Se mueve torpe, no tiene prisa. Estornuda y se suena violentamente los mocos. Limpia los restos con la palma de la mano. Ya no le importa si le observo, ya no le importa quién le mira. Se dirige amable al camarero y le pide un Cacique con Coca Cola y un Gin Fizz. Por fin ha aprendido que las buenas maneras gobiernan el mundo. Apoya la mano sobre mi pierna y siento un escalofrío. Parece no darse cuenta del cambio eléctrico que marca nuestros tiempos. - ¿Recuerdas...? - Se esfuerza por captar mi atención. Empeña sus palabras al pasado, con el propósito de que le escuche, de que le sienta y de devolverme a aquél tiempo, en que fui serpiente bailando notas de flauta.
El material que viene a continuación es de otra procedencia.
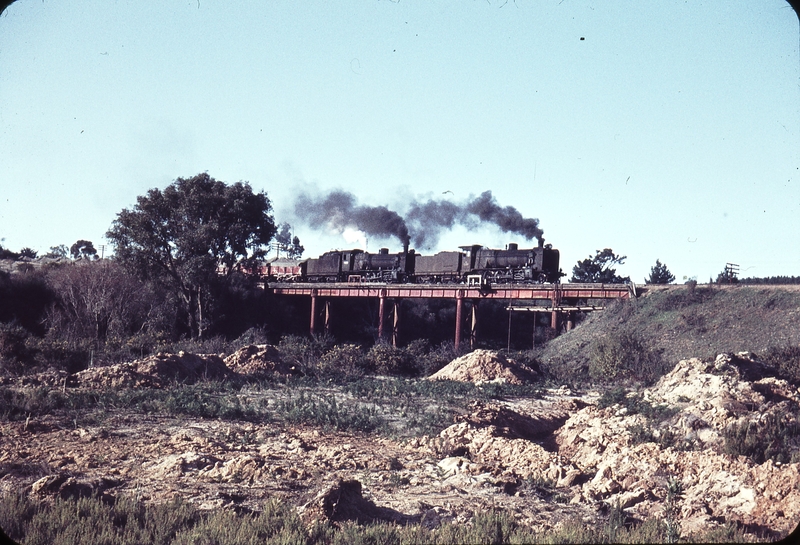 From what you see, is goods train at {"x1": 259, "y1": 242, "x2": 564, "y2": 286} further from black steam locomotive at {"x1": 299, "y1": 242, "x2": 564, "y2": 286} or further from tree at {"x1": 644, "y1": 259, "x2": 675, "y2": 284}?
tree at {"x1": 644, "y1": 259, "x2": 675, "y2": 284}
El trago rápido de ron me lleva a un fotograma en blanco y negro aún latente. Los besos horneados de gritos y lamentos en otro tiempo, contra el reflejo sereno y canoso de sus gafas. Besa dulce mi mejilla con los labios arrugados: “¡Te he necesitado tanto!” Mi cuerpo se endurece al susurro. Se tambalea. Estoy borracha. No escucho. No escucho.
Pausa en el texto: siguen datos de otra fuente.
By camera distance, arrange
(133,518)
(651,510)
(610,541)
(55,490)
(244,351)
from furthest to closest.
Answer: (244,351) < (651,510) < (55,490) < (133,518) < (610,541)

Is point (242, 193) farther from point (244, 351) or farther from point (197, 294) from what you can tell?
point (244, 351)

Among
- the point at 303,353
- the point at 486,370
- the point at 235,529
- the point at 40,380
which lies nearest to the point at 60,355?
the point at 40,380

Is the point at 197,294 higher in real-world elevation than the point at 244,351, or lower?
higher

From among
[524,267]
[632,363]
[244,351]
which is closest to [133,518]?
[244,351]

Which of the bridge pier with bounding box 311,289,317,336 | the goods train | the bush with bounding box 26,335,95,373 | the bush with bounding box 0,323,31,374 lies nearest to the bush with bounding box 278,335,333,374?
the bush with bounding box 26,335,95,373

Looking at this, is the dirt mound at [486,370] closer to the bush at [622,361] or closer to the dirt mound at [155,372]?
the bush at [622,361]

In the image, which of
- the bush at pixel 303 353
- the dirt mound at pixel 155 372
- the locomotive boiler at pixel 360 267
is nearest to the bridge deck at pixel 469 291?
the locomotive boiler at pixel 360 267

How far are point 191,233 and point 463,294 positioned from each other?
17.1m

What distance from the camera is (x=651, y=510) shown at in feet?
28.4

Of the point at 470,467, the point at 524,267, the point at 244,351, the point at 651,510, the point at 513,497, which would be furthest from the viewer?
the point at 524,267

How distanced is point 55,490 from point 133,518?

Una bofetada me devuelve de golpe a la cama, a su cuerpo perdido en mi tristeza y a su pelo moreno entre mis dedos. Gritos, dolor, horror. Entonces abusaba de su fuerza. Entonces me hacía pequeña con los puños, con otras armas: “¡Te he necesitado tanto!”. Sus manos, ahora trémulas acarician con precaución el rasgar de mis vaqueros. Mi mirada enfoca como una noria su boca deforme y grisácea.
Asco. Se mezcla el asco de un tiempo y otro. Quince años ondeados de asco y hoy me reencuentro con él en la barra de este bar ¿Por qué? ¿Quién ha querido ponernos otra vez en el mismo camino? Me agobio. Comienzo a odiarle. Él se empeña en recordarme que un día fue Alain Delon en mi Tren llamado deseo, hipnotizando mis horas. Y yo que no puedo dejar de mirarle, veo al viejo terminal de Las invasiones bárbaras. Aunque, algunos clichés me abofetean la cara en vaqueros y con una camiseta blanca marcando los bíceps sobre mi estómago.
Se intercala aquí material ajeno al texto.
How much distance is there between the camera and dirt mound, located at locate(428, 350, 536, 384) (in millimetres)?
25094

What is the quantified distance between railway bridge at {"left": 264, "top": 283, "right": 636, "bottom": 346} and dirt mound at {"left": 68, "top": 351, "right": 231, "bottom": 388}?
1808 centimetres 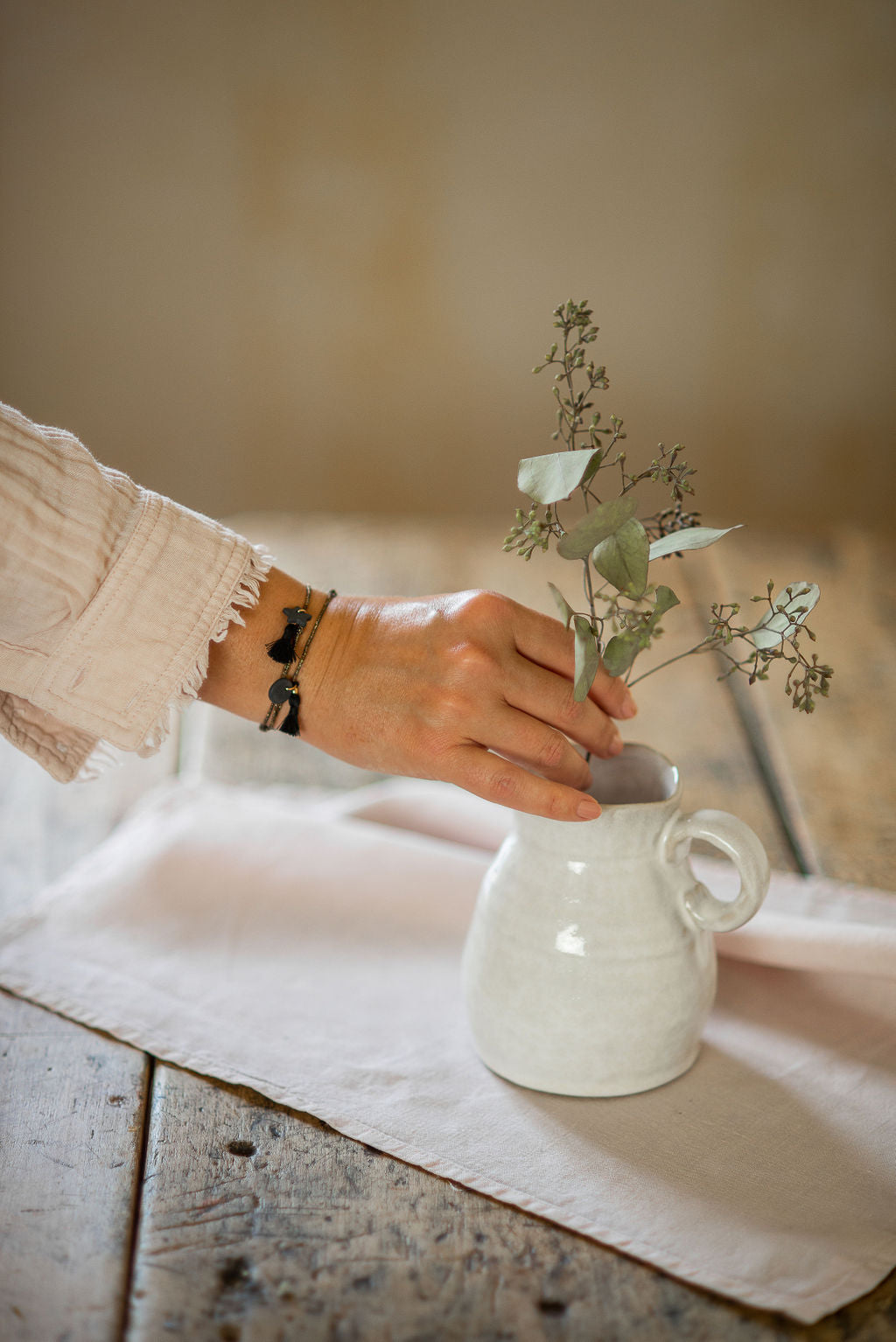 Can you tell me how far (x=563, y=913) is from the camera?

Me estoy llenando de ira. Suelto el aire y el camarero me mira despistado, sonrío como si mi idea estuviera en blanco. También le sonrío a él, al Marlon Brando decrépito. Le agarro la mano y le arranco del taburete con toda la sensualidad que soy capaz de recordarle. Me lo llevo, muy discreta, al cuarto de baño. Impido con mi boca que diga nada. Le siento en la taza del water sin dejar de besarle. Deslizo mis manos de su cuello a la bragueta, apretando con asco los labios. Bajo la cabeza con los ojos cerrados. Extraigo un hongo arrugado de su pantalón y comienza mi empeño por hacerlo más grande. Le escucho gemir y se escapa una arcada. No pasa nada. Desvío mi pensamiento. Continúa mi trabajo. El pequeño habitáculo en el que existimos mezcla los recuerdos con el olor a orín y a amoníaco. La marca de sus dedos en mi cuello. La quemadura de su cinturón en mis riñones. Eso fue entonces, ahora es un viejo. Trato de convencerme y no soy capaz. Succiono con fuerza y a horcajadas me siento sobre sus muslos rozando con mis nalgas el tergal de su pantalón. Retira mis bragas y le cabalgo con ganas. Le escucho gemir, le escucho gemir, le escucho gemir. Silencio.
El bar se llena de curiosos y fotógrafos. Preparan una carpa fuera. La policía me interroga. Yo no sé nada, hacía años que no le veía, le encontré de casualidad. Me vuelvo a casa despistada.
- La última copa, decías, ¿no? – Sonrío mientras me desmaquillo.